Lors de l’initialisation, l’utilisateur doit importer un fichier ou toute autre source d’entropie aléatoire : la puce combine ensuite ces données pour générer un portefeuille bitcoin. Cette logique open source de génération aléatoire de clés, couplée à une entrée d’entropie de haute qualité, renforce encore davantage la sécurité des clés.
En branchant simplement l’Opendime sur un ordinateur comme une clé USB classique, on peut afficher la clé publique du portefeuille, tandis que le solde du compte reste consultable en temps réel via tout explorateur de blocs. L’utilisateur peut transférer des bitcoins vers le dispositif, mais pour les récupérer, il doit nécessairement le détruire physiquement. Cette opération déverrouille le circuit afin d’accéder à la clé privée, tout en laissant des traces visibles de dommage irréversible sur le dispositif.
Les Opendimes constituent une percée majeure dans le domaine des actifs au porteur. Lancés en 2016 à un prix aussi bas que 13 dollars, ils coûtent aujourd’hui environ 20 dollars en raison de l’inflation. Ils sont devenus un produit emblématique du secteur : de nombreux artistes les intègrent à des œuvres d’art bitcoin haut de gamme, et ils se sont progressivement imposés comme un symbole culturel au sein de la communauté bitcoin.
Bien que le prix de 13 à 20 dollars soit modéré pour un portefeuille matériel, et que le modèle d’auto-dépôt par l’utilisateur résolve efficacement le problème de confiance lié à la frappe, leur tarif et leur forme restent éloignés de ceux de l’argent liquide utilisé quotidiennement. En effet, un coût matériel de 20 dollars représente encore un seuil élevé. En référence à la prime moyenne de 20 % observée sur les pièces Casascius, chaque Opendime devrait contenir au moins 100 dollars de bitcoin pour compenser son coût matériel et revêtir une valeur réelle de circulation — ce qui rend leur usage inadapté à la plupart des paiements courants de faible montant.
Par ailleurs, bien que leur forme de clé USB soit originale, ces dispositifs ne permettent pas de visualiser intuitivement les actifs qu’ils contiennent.
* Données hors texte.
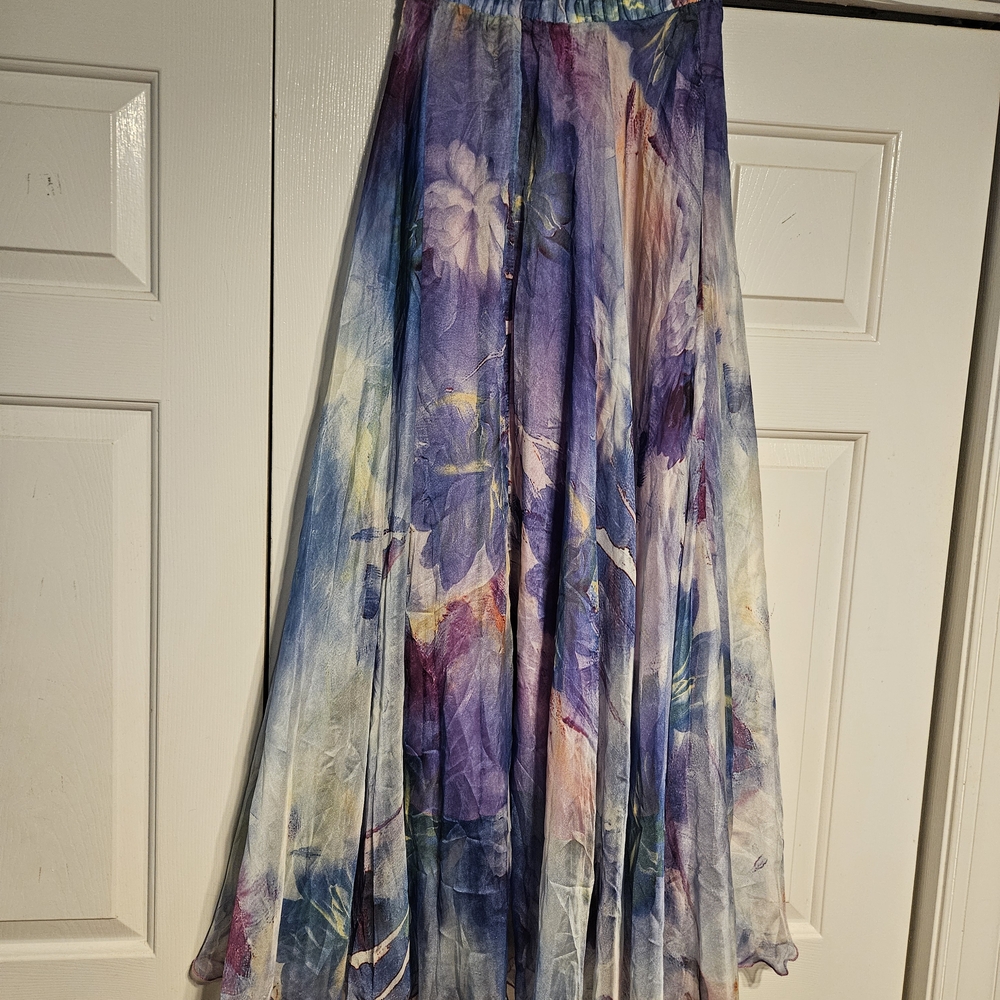 Dancing Watercolor Floral Maxi Skirt in Violet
Chaque unité est unique et ne possède pas la caractère fongible propre à l’argent liquide. Le secteur a donc pris conscience de la nécessité de concevoir des solutions alternatives, moins coûteuses et plus universelles.
Satodime
Partant du concept des Opendimes, le fabricant belge de portefeuilles matériels Satochip lança le Satodime, un produit open source dont la forme rappelle davantage celle d’une carte bancaire. Ses fonctionnalités principales sont similaires à celles des Opendimes : génération de paires de clés publiques/privées, certaines versions prenant même en charge la signature de transactions. L’utilisateur peut interagir avec le dispositif via une application mobile, grâce à la technologie de communication en champ proche (NFC). Le produit existe également sous d’autres formes — bague, pièce physique — toutes intégrant la même puce et offrant les mêmes fonctions.
En cas d’achat en gros, le prix unitaire du Satodime peut descendre jusqu’à 13 euros, ce qui le rend plus abordable que l’Opendime et le rapproche légèrement davantage des standards de l’argent liquide quotidien — bien que l’écart reste sensible. Le Satodime est essentiellement un portefeuille matériel hautement sécurisé, pas un support de paiement destiné à la circulation courante. Le coût élevé inhérent à ces puces miniaturisées performantes empêche pour l’heure leur prix de passer durablement sous la barre des 10 dollars.
L’impasse des coûts : une contrainte fondamentale
Quel niveau de coût matériel serait requis pour que le bitcoin physique atteigne une valeur commerciale suffisante pour une diffusion à grande échelle ?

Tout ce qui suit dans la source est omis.